Y – Your dependent variable.

X – Once you identify your dependent variable (the value you would like to predict) in the Y field, the X field will auto populate with all possible options (all of your other variables).  You select the subset of variables that you would like to use to predict with.

Family – Under family you will see a drop down menu with choices. Each of the four options differs in the assumptions you make about your dependent (Y) variable – the variable you would like to predict. They are explained in some detail below.

Link – Each family is associated with a default link function, which defines the specialized transformation on the set of X variables chosen to predict Y.

Family Default Link Description and Example
Gaussian Identity Your dependent variables (Y) are quantitative, continuous (or continuous predicted values can be meaningfully interpreted), and expected to be normally distributed.EX: The average length of a song in seconds or the average purchase price of a product.
Binomial Logit Your dependent variables take on two values, traditionally coded as 0 and 1, and follow a binomial distribution. Choose this if you have a categorical Y with two possible outcomes.EX: Customer decides to purchase or notA song is played or not played
Poisson Log Your dependent variable is a count – a quantitative, discrete value that expresses the number of times some event occurred.EX: The number of customers visiting a website over time, the number of customers visiting a store over distance
Gamma Inverse Your dependent variable is a survival measure – that is, you have some measure of the duration of a process for which the outcome is variable.EX: The length of time an individual remains a customer, the length of time before a particular product feature fails

Lambda: H2O provides a default value, but this can also be user defined. Lambda is a regularization parameter that is designed to prevent overfitting. The best value of lambda depends on the degree to which you wish the variance of the cross validated coefficients to match.

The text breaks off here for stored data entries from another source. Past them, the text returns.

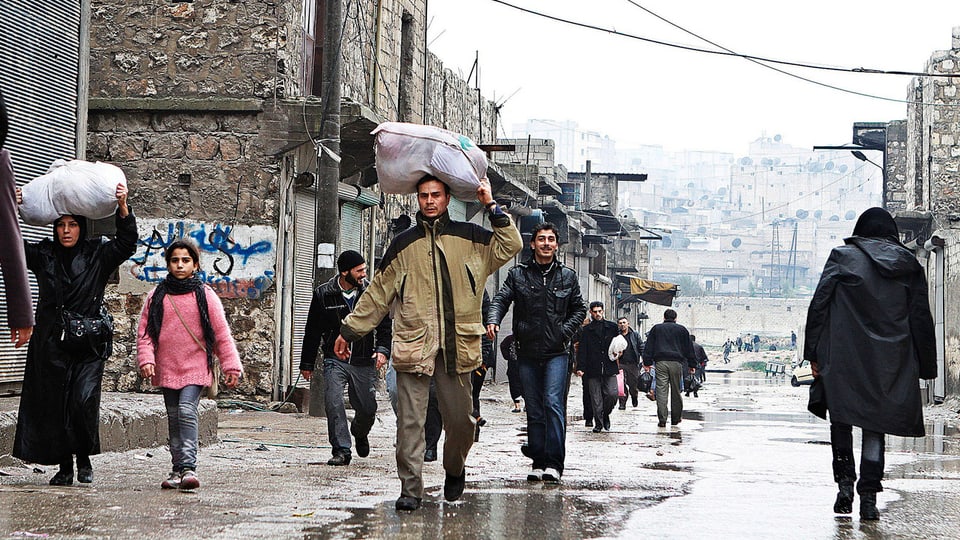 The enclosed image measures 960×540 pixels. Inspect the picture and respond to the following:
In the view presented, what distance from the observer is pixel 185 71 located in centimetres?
1720

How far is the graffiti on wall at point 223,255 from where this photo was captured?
17.0m

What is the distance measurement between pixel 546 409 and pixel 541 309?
0.71m

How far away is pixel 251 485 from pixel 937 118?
23.2 m

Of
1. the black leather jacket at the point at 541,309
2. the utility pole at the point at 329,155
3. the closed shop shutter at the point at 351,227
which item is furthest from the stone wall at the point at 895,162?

Alpha:   A user defined tuning regularization parameter that H2O sets to 0.5 by default, but which can take any value between 0 and 1, inclusive.  It functions so that there is an added penalty taken against the estimated fit of the model as the number of parameters increases. An alpha of 1 is the lasso penalty, and an alpha of 0 is the ridge penalty.

Lambda and alpha are distinct in purpose in that lambda is primarily concerned with preventing overfitting and thus increasing the generalizability of any specific coefficient in your model, where alpha is concerned with the model overall. 

N-Folds: The number of cross validations you would like H2O to generate. Choosing 10 means that ten random samples of observations from your orginal data will be selected and models will be fit to those subsets as well. It’s important to note that the smaller your orginal data are the larger the variation you can expect to see in the parameter estimates provided in the cross validation models; for sufficiently small data sets you may want to choose a different evaluative criteria.

Expert Settings: for the moment I would like to leave expert settings, except to note that this is the option you choose if you would like to standardize your data. In data where there is a substantial difference in the scale of your input variables standardizing can greatly improve the interpretability of your results.